#### [Recorded data]
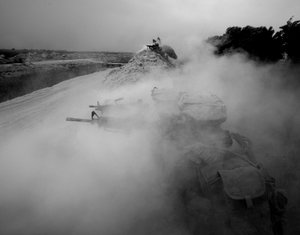 U.S. Marines from the 24th Marine Expeditionary Force return fire on Taliban positions near Garmser, Helmand province.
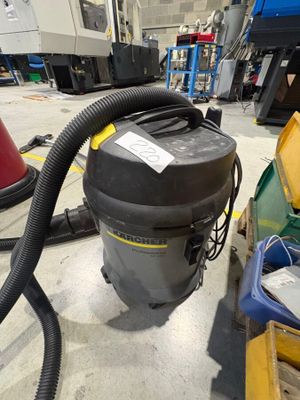 a vacuum that is sitting on the floor in a room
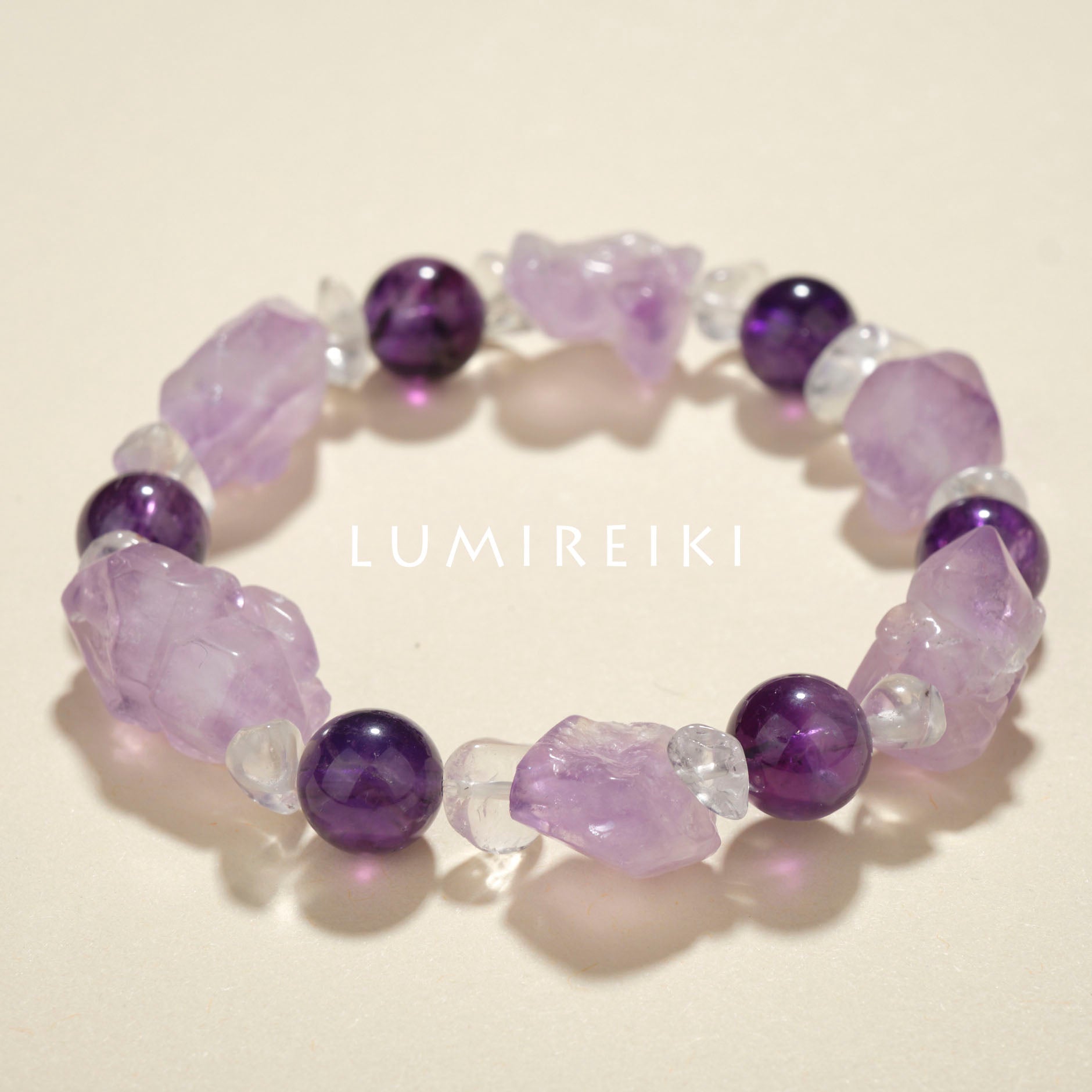 Amethyst Stress Relief Bracelet with irregular amethyst stones, 9.8mm beads, and clear quartz for calm and clarity.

#### [Directions for this task]
Print every line above exactly as given, but not the pictures.

#### [Exercise result]
 U.S. Marines from the 24th Marine Expeditionary Force return fire on Taliban positions near Garmser, Helmand province.
 a vacuum that is sitting on the floor in a room
 Amethyst Stress Relief Bracelet with irregular amethyst stones, 9.8mm beads, and clear quartz for calm and clarity.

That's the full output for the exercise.